One of the stories can be read here … Indian infotech sector is main focus of Chinese spying … Interesting reading. What i am writing about here, though, is not the instance of possible spying, but rather the implications this kind of incident can have on the psyche of people and organizations, and the possible impact on activities like knowledge sharing. After all, its all about knowledge, isnt it?
Lets take this at two levels … restricting access to specific content to specific people, and, more importantly, to the realm of social computing.
Lets take an example … if there are employees in a firm who are spying on the content in the firm, and passing it on to competitors, then the question this brings up is, to what extent is the whole idea of knowledge sharing valid? Maybe i am being a bit too cynical here, but look at it from the perspective of the company whose computers have been hacked into, and who lost a large deal. If there were employees of theirs who were responsible for leaking information, then the question is, would they like to have content shared across the larger canvas of the organization, or would not the temptation to restrict content to a need-to-know basis? And if the organization moves to that kind of scenario, then the challenge this brings up is how this can be integrated with the larger knowledge-sharing, dont-reinvent-the-wheel philosophy?
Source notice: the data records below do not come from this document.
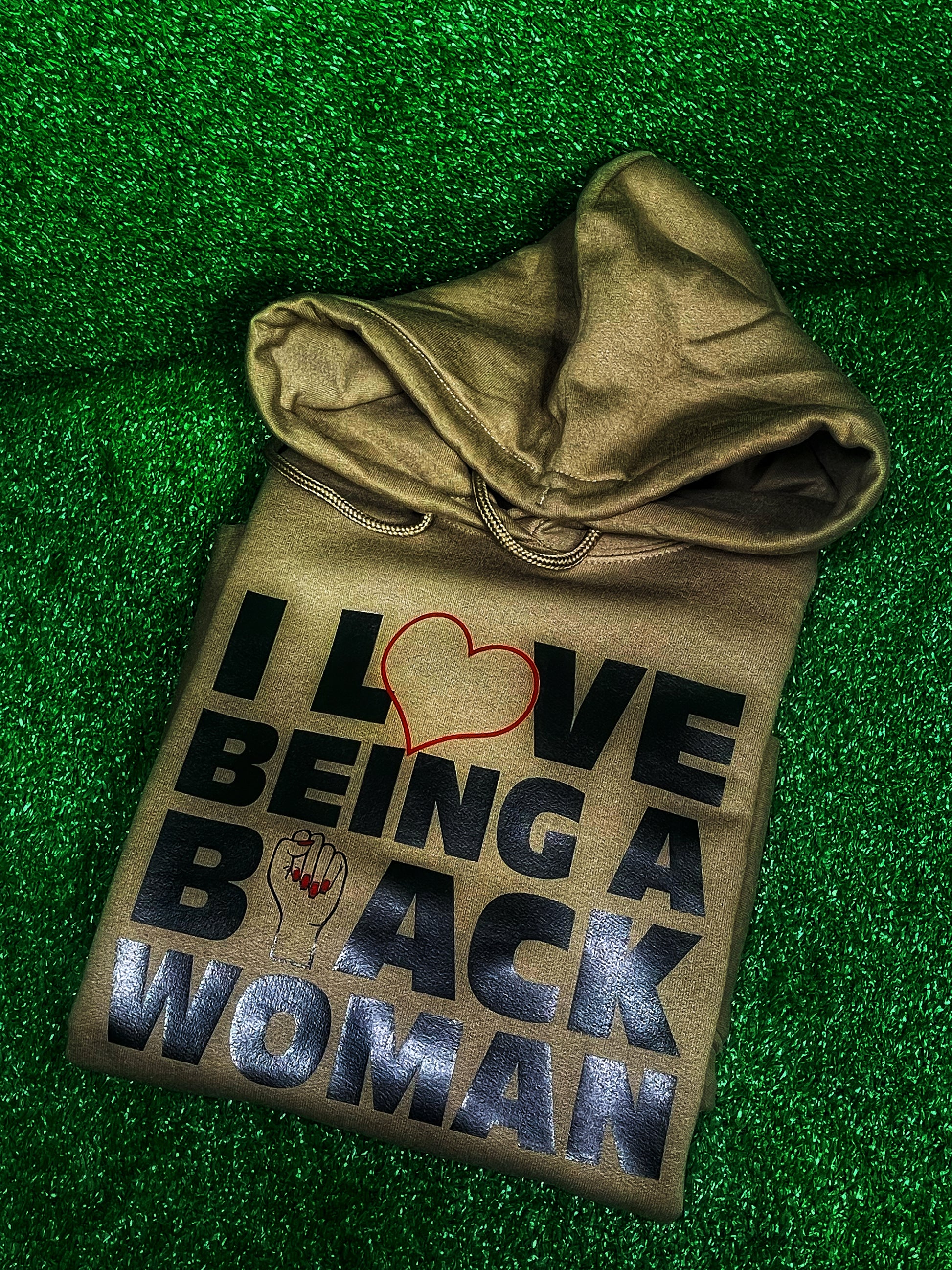A stylish and comfortable hoodie with the empowering phrase 'I Love Being a Black Woman' boldly printed on the front. Perfect for showcasing pride, confidence, and cultural identity. Ideal for casual wear, this hoodie celebrates black womanhood and is perfect for those who want to make a bold statement. Great for layering in cooler weather, and a must-have for anyone proud of their heritage.
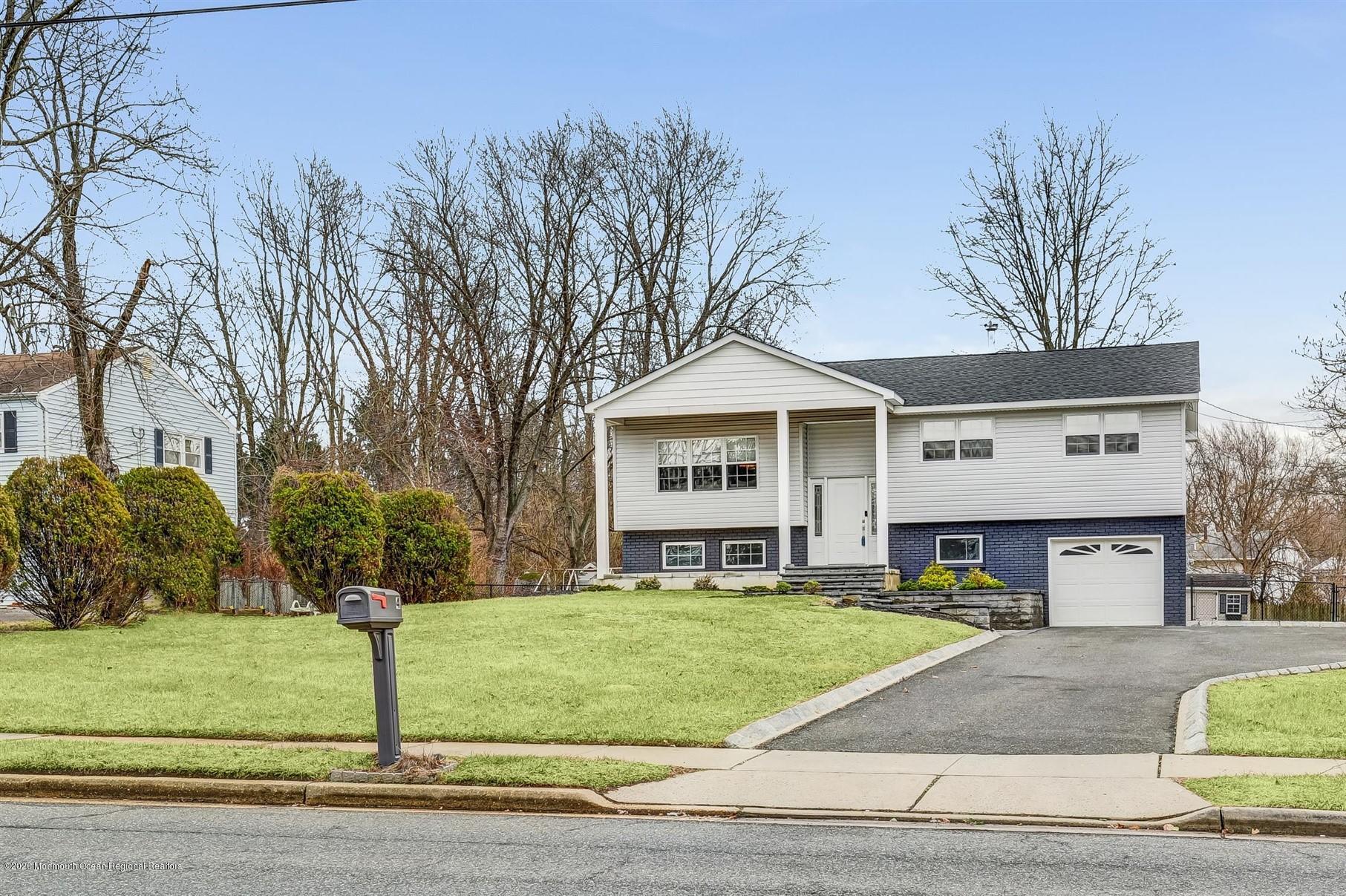 4 Wickatunk Road Manalapan, NJ 07726 - Photo 3 of 23 a front view of a house with a yard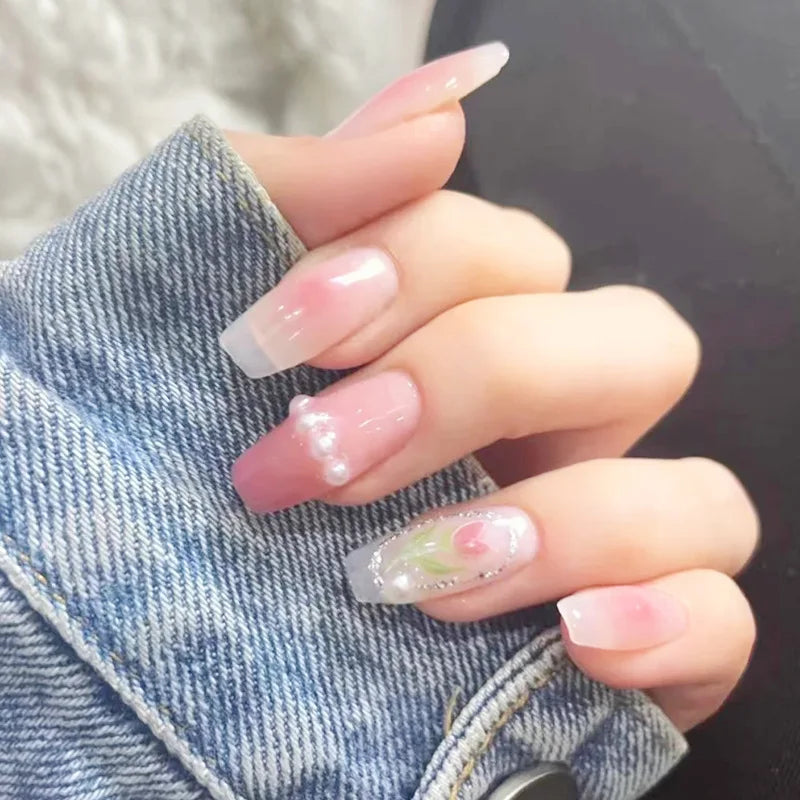 Decorated nail designs shown on hands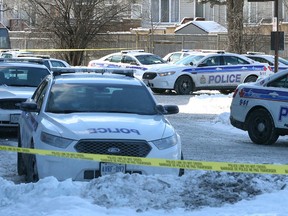 Up to 30 emergency police vehicles blocked off a 14 story apartment building at 2975 Albion Road in Ottawa Friday Jan 16,  2015. Ottawa Police and swat team members arrested seven people on the scene after a home invasion. One man was taken to an ambulance on the scene.   
Tony Caldwell/Ottawa Sun/QMI Agency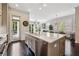 Spacious kitchen with stainless steel appliances, an island, and a door to the outdoor area at 502 Abbington River Ln, Atlanta, GA 30339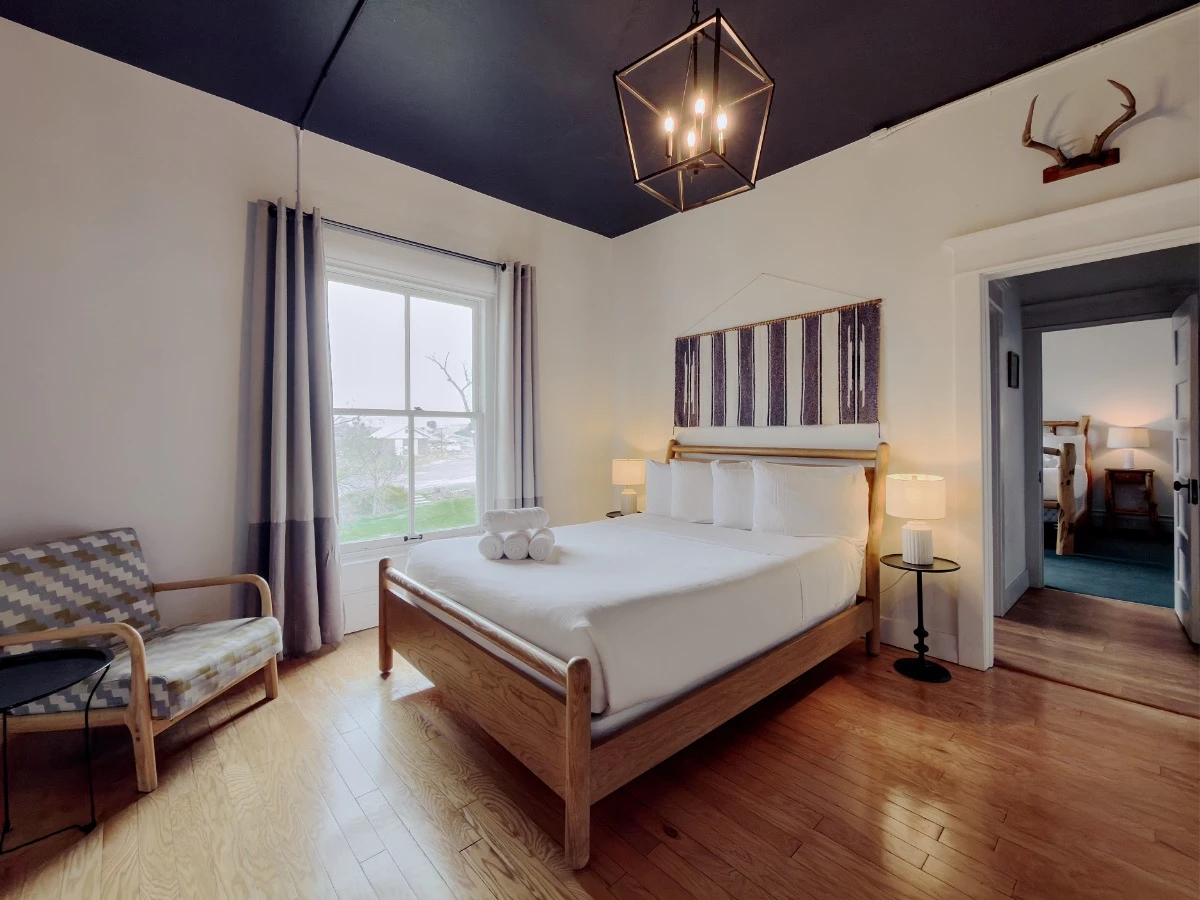 Bed with wood frame in Room 207 at Hot Lake Springs Resort, nightstands with lit lamps on each side, window across from bed, single chair on left, doorway to second bedroom on right.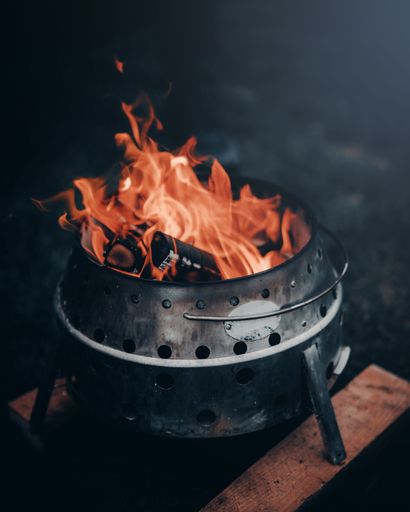 A vertical shot of an outdoor fireplace near Switzerland in the evening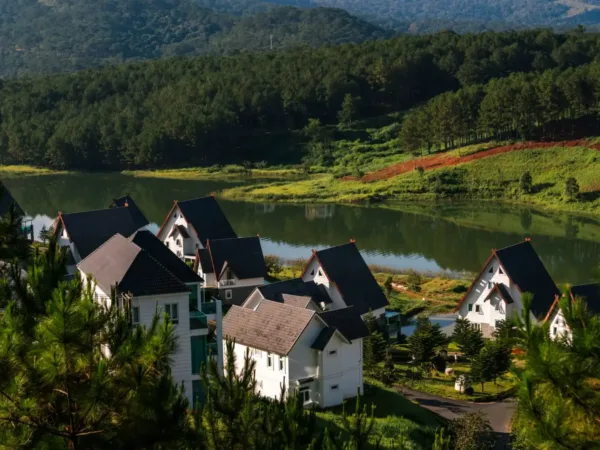 A-frame chalet villas beside a calm lake surrounded by pine forest in Da Lat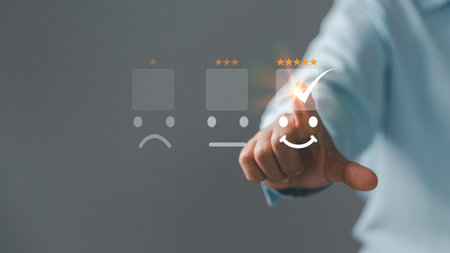 Customer service and Satisfaction concept, Five star consumer feedback. Business people are touching virtual screen on happy Smiley face icon to give satisfaction in service. rating very impressed.の写真素材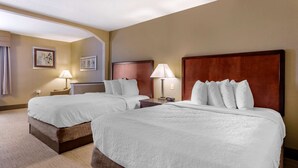 A hotel room with two beds, a wooden headboard, a nightstand with a lamp, and a framed picture on the wall.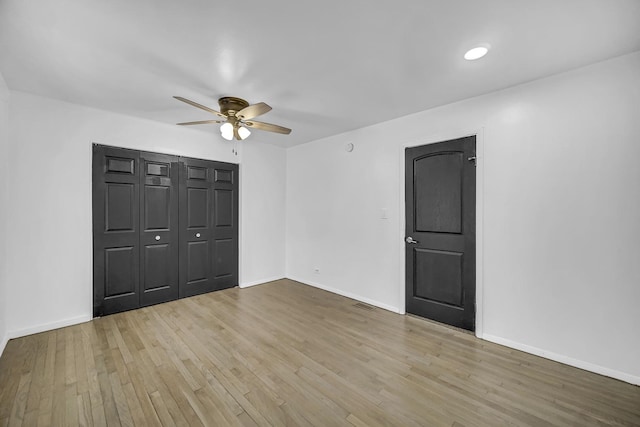 unfurnished bedroom featuring ceiling fan, light hardwood / wood-style floors, and a closet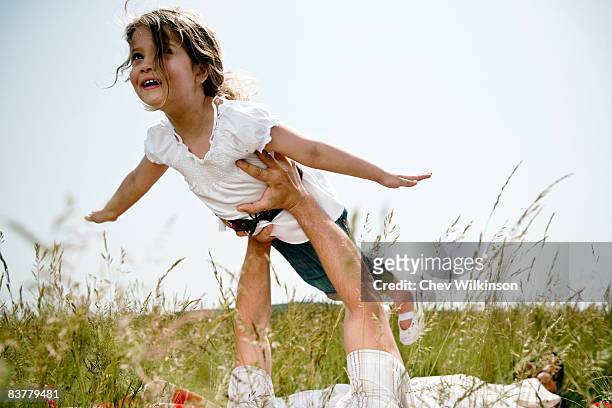 girl held aloft flying - learning generation parent child photos et images de collection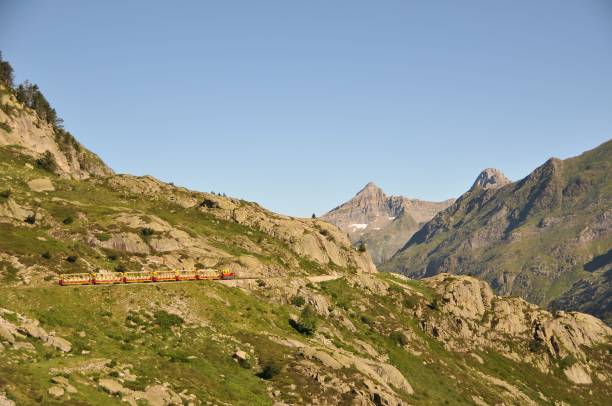 istock Low-angle of a landscape with Pic du Midi d'Ossau peak view, valleys covered with grass 1440266708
At the other level, an organization which enables its employees to blog about the work they are doing, and their experiences, there is always a possibility of someone, somewhere inadvertantly writing something which is sensitive in nature, and could lead to some issues. Would the organization want to keep looking over its shoulder?
Question is, how can we address these concerns? One important thing here is that there must be a clear distinction between what can be shared on a public platform, and what cannot be. There must be very clear definitions of these, which must define very clearly what content must be made available on a need-to-know basis, and what can be readily shared. On the other hand, there must be clear guidelines about information (i am not talking experiences, lessons learnt, or knowledge in the larger sense of the term …) which should be kept away from social computing platforms, and information which can be shared on these platforms. Agreed, most organizations have corporate blogging policies in place, for example, but more often than not these tend to be too vague, with not even any examples about what is acceptable, and what is not.
There could be those who argue against the adoption of social computing given these kinds of things can happen, but this would, i think, be too drastic a thought process, because this negates the benefits that an organization can find from deploying social computing platforms. But, the fact remains that a tool … any tool … is as good as the user who is using it.